The example of Jindal demonstrates the pressure to capitulate for the sake of political ambition. Jindal couldn’t change his color, but he converted his religion to become less different from the dominant white Christians of his party. His personal narrative amplifies his conversion to Roman Catholicism, even though he was raised Hindu by immigrant parents who were very active leaders in the local Hindu temple in Louisiana. He feels no qualms in making statements hurtful to the sentiments of the community from which he derives his “minority” card. In a piece some years ago, he said when asked about his conversion: “the motivation behind my conversion, however, was my belief in one, objectively true faith (Christianity). If Christianity is merely one of many equally valid religions, then the sacrifices I made, including the loss of my family’s peace, were senseless”. Presumably, the conversion of his Hindu Punjabi wife to Roman Catholicism some years later occurred by her having coincidentally the exact same epiphany as he did.

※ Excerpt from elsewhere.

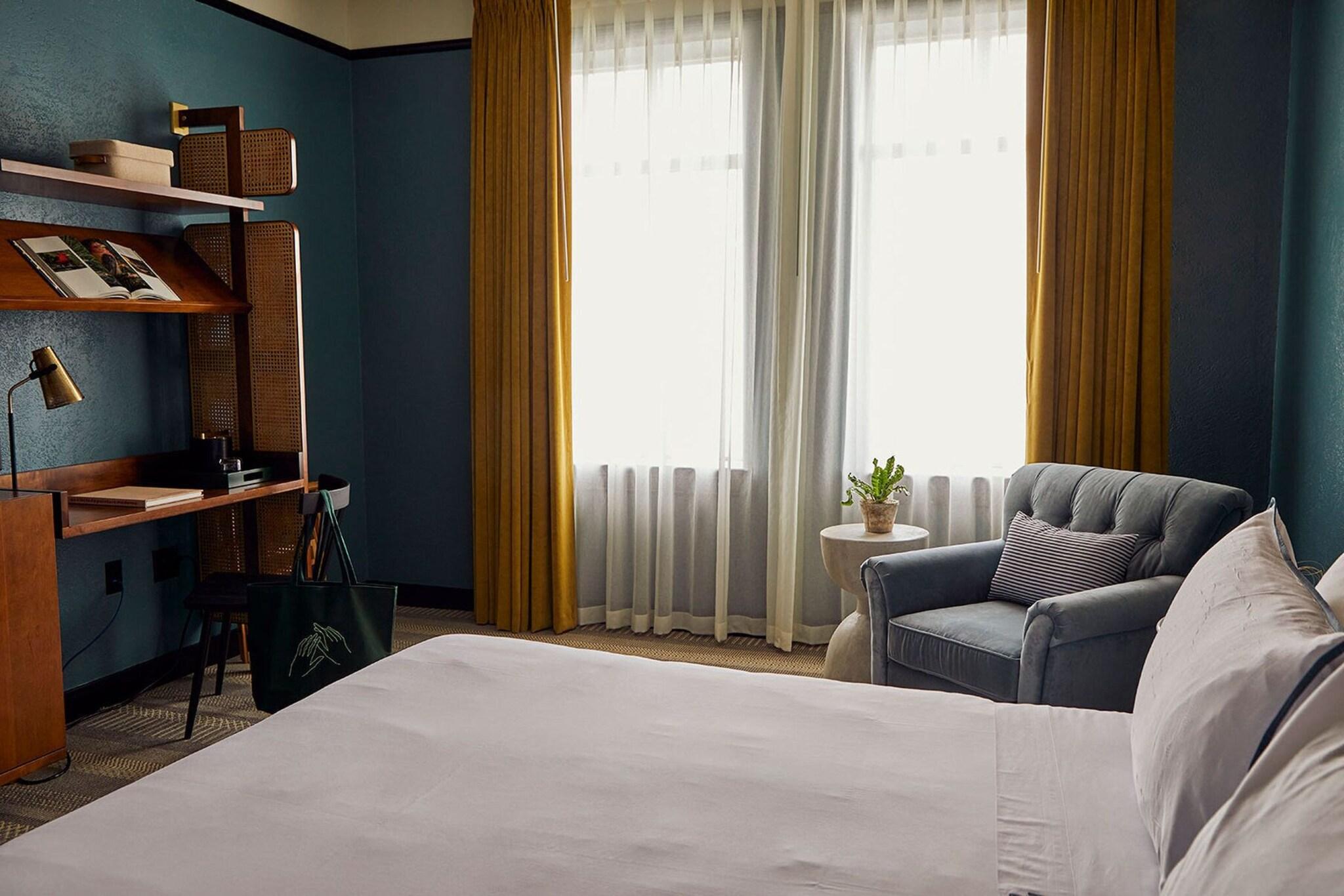 Double Premier King Bed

To those of us Indian-Americans who are unwilling to obliterate our identity and get “digested” into the whitestream, Jindal is no trailblazer. He does not speak for us and merely uses his Indian-American status to gain leverage with Republicans who must now present a more inclusive face in order to remain relevant. His life underscores the fact that America has a long way to go before Indians and Hindus can project openly and without negative consequences the full range of their cultural and religious identity.

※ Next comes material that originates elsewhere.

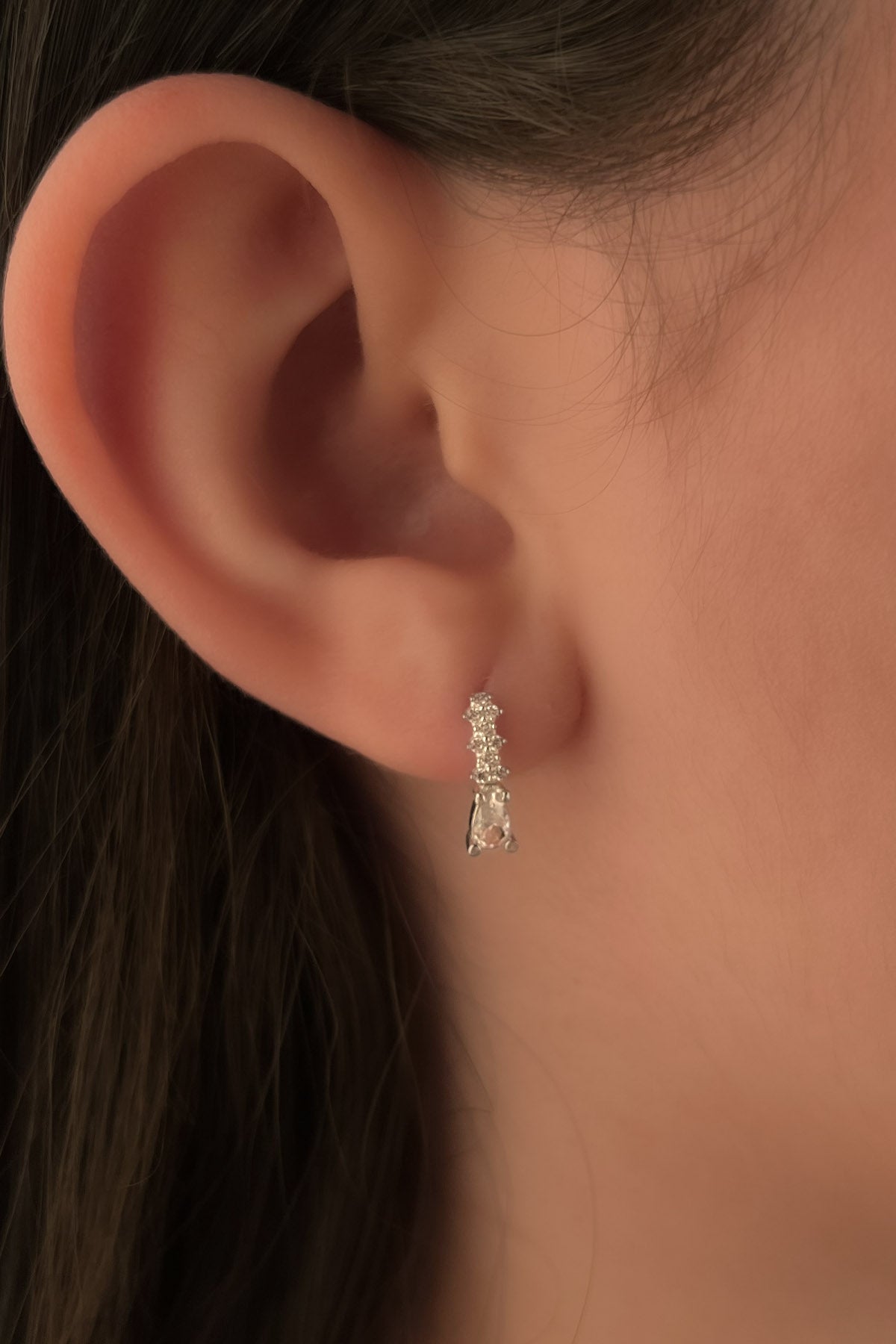 Orecchini pendenti a forma di pietra a goccia in oro bianco da 14 ct-3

Carving a distinct non-white Indian identity is also hampered by the trajectory followed by many Indian-Americans in the humanities, who prove their competence by promoting mainly European epistemological categories which nowadays means “theories” of culture, textual analysis, etc. that have been accepted by the Anglo-American academy as a part of the “canon of theories” in use. The Hindu equivalent of such theories would be the vast and sophisticated range of “siddhantas”. But these are simply ignored in modern/postmodern studies, trivially dismissed, or mapped/co-opted into trendy new theories owned by Western experts or their whitened Indian followers. This new kind of colonization is being celebrated as “theory power.” I call it epistemic arrogance. Harvard University’s Homi Bhabha is a role model hoisted by the American establishment for young Indian-Americans in English Departments and Postcolonial Studies to emulate. He has proven himself as having the “white gaze”. This is the liberal path to becoming white, just as Christianizing was Bobby Jindal’s biblical path to whiteness. One may think of these paths as left-wing and right-wing whiteness, respectively.

At the height of the Jim Crow era, African-Americans saw in their midst the phenomenon of “passing”, where lighter-skinned blacks would assume a semi-white racial identity in order to avoid the restrictions and prejudices of a segregated South. “Passing” was viewed as offensive, an attempt by some blacks to take the shortcut to racial parity rather than pitch in and do the hard work of achieving equality for the entire community , including those unable and unwilling to “pass.” In 2013, Bobby Jindal didn’t need to scrub off his color. Converting his religion, accent, ideologies, and loyalties has sufficed. His brown skin merely positions him to take advantage of America’s changing demographics. Jindal shows that in America, Hindu-Americans continue to feel the pressure to pass.